DLinq provides a run-time framework for managing relational data as objects. It does this by translating LINQ queries into SQL for execution by the database and then translates the tabular results back into objects you define. Your application can then manipulate these objects however you want to.  While you do this DLinq will track any changes you make to them, so that you can optionally submit changes back to the database (for update, insert, and delete operations).

DLINQ allows you to define the object model and class structure that best represents your application data.  For example, if you have a Customers database table with columns “CustomerId”, “City”, and “CustomerName”, you could optionally create a “Customer” class that represented it like so:

Listing 1

public class Customer
    public string CustomerId;
    public string City;
    public string CustomerName;

Note that you can use whatever naming pattern you want in your classes -- you aren't required to have the same names as in the database. 

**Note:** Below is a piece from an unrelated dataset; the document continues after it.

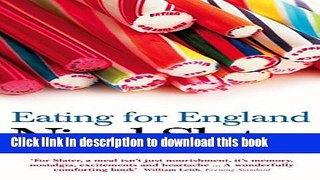 [Popular] Eating for England: The Delights and Eccentricities of the British at Table Hardcover Free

DLINQ allows you to map classes to a database schema in two ways.  The first option is by adding attributes to the classes that indicate where and how they should be stored in the database (this is called “Attribute Based Mapping”).  Alternatively you can specify the mapping using an external XML file.  The external XML file enables the underlying database schema to be kept separate from the code, and even allows runtime schema mapping changes on the fly (meaning you do not need to recompile an assembly using DLINQ to modify the database storage schema being used).  Developers can choose whichever mapping approach works best for them and their projects. 

In addition to supporting single table mappings, it is also possible to easily define relationships between tables using DLINQ.  In a relational database this is typically modeled using foreign-keys referring to primary keys in other tables.  DLINQ allows developers to define “Association Relationships” between classes to express relationships.  This allows a developer, for example, to write “Customer.Orders” to reference the collection of orders for the customer instance.

Important: It is not necessary to manually define your table mappings or relationships.  The May CTP drop of DLINQ ships with both a command-line utility and a Visual Studio data designer to make defining these relationships and mappings simple (it will take us less than 30 seconds to define a complete DLINQ mapping for the Northwind database in our sample below).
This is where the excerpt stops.